Vers la fin du veuvage de Madame de Verdillac, Milord revint, il lui témoigna le même empressement, & parvint enfin à lui faire accepter sa main. Elle fut plus heureuse avec ce second époux, qui fut aussi constant dans les liens de l’hymen qu’il avoit été fidele dans ceux de l’amour.

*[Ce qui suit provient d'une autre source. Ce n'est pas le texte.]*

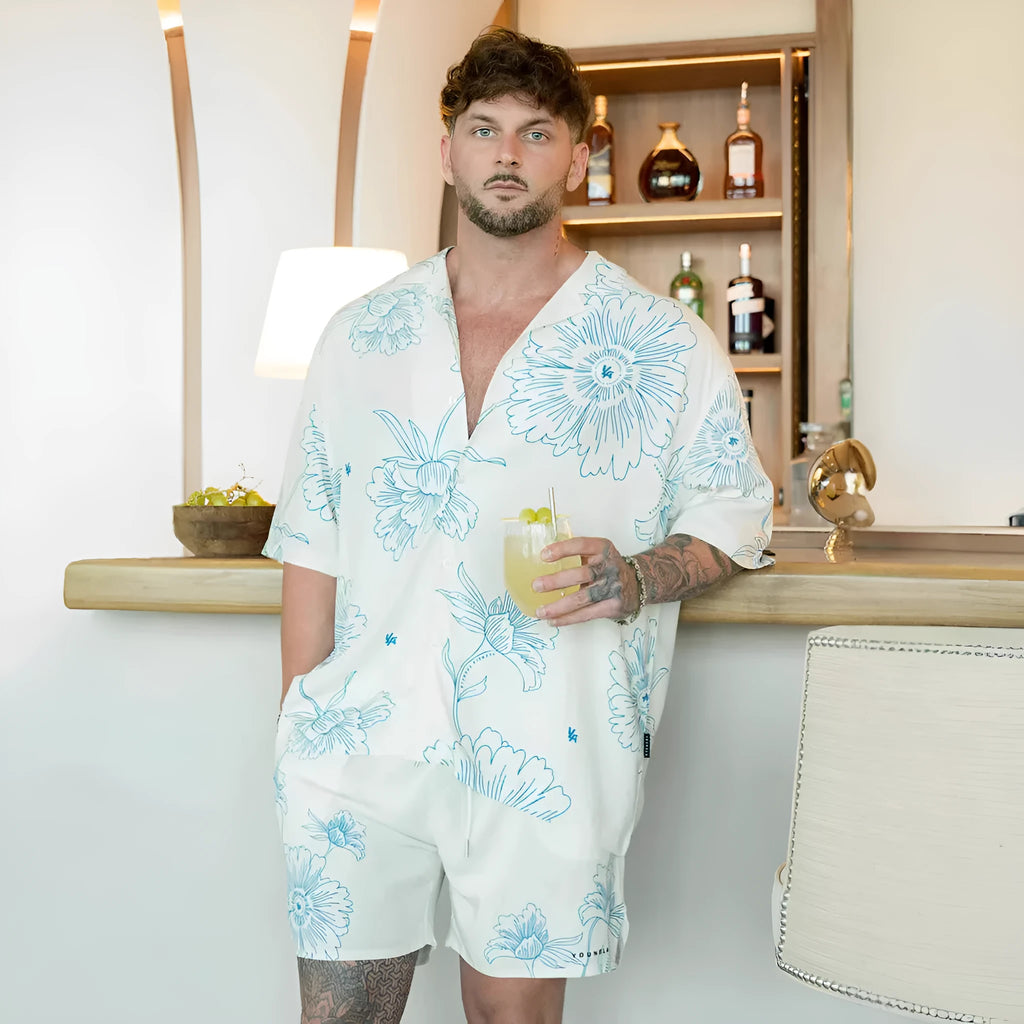 Men's loose fit short sleeve top with floral printed pattern in polyester fabric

Vous voyez, Mesdames, dit Eudoxie, qu’on parvient quelquefois à corriger un vicieux ; cependant je ne vous ai point raconté l’histoire de Madame de Verdillac comme un exemple sur lequel doive se régler la conduite des femmes qui ont le malheur d’avoir des époux joueurs ; les incidents qui ont contribués à ramener son mari sont trop rares, pour se flatter de les rencontrer souvent. Il y a une méthode plus commune qui peut produire des effets heureux. La douceur, les craintes, un tableau effrayant des malheurs auxquels le vice expose, peut faire impression lorsqu’on en parle à propos. Si vous avez des enfans, vous pouvez intéresser quelquefois votre mari à leur sort, lui peindre vivement les regrets qu’il auroit de les voir par son imprudence, dans la misère : vous pouvez encore comparer son état présent avec sa tranquillité passée, lui représenter l’avenir sous un aspect affreux, lui citer quelques exemples, souvent ils font plus d’impression que les paroles les plus énergiques. Si tous ces moyens n’ont point d’effet, désespérez de sa guérison ; il ne se corrigera que lorsque la nécessité le forcera à renoncer à ce vice dangereux.

Mais toutes les femmes ne sont pas également propres à se servir avantageusement de ces maximes, répliqua Elvire. J’en conviens, lui répondit Eudoxie : elles ne sont destinées qu’à celles dont le jugement & le bon sens peuvent en faire usage avec profit. J’abandonne les autres à leur malheureux sort. Il semble que la nature les ait condamnées à végéter toute la vie, sous le joug qu’on leur impose. Victimes de l’autre sexe, elles en sont souvent le fléau ; rien de moins supportable qu’une sotte, il n’y a nulle ressource avec elle ; toujours au-delà ou en deçà du vraisemblable, elle désole tout ce qui l’environne. Croyez-vous qu’une telle femme puisse corriger un mari, elle pervertiroit l’homme le plus parfait.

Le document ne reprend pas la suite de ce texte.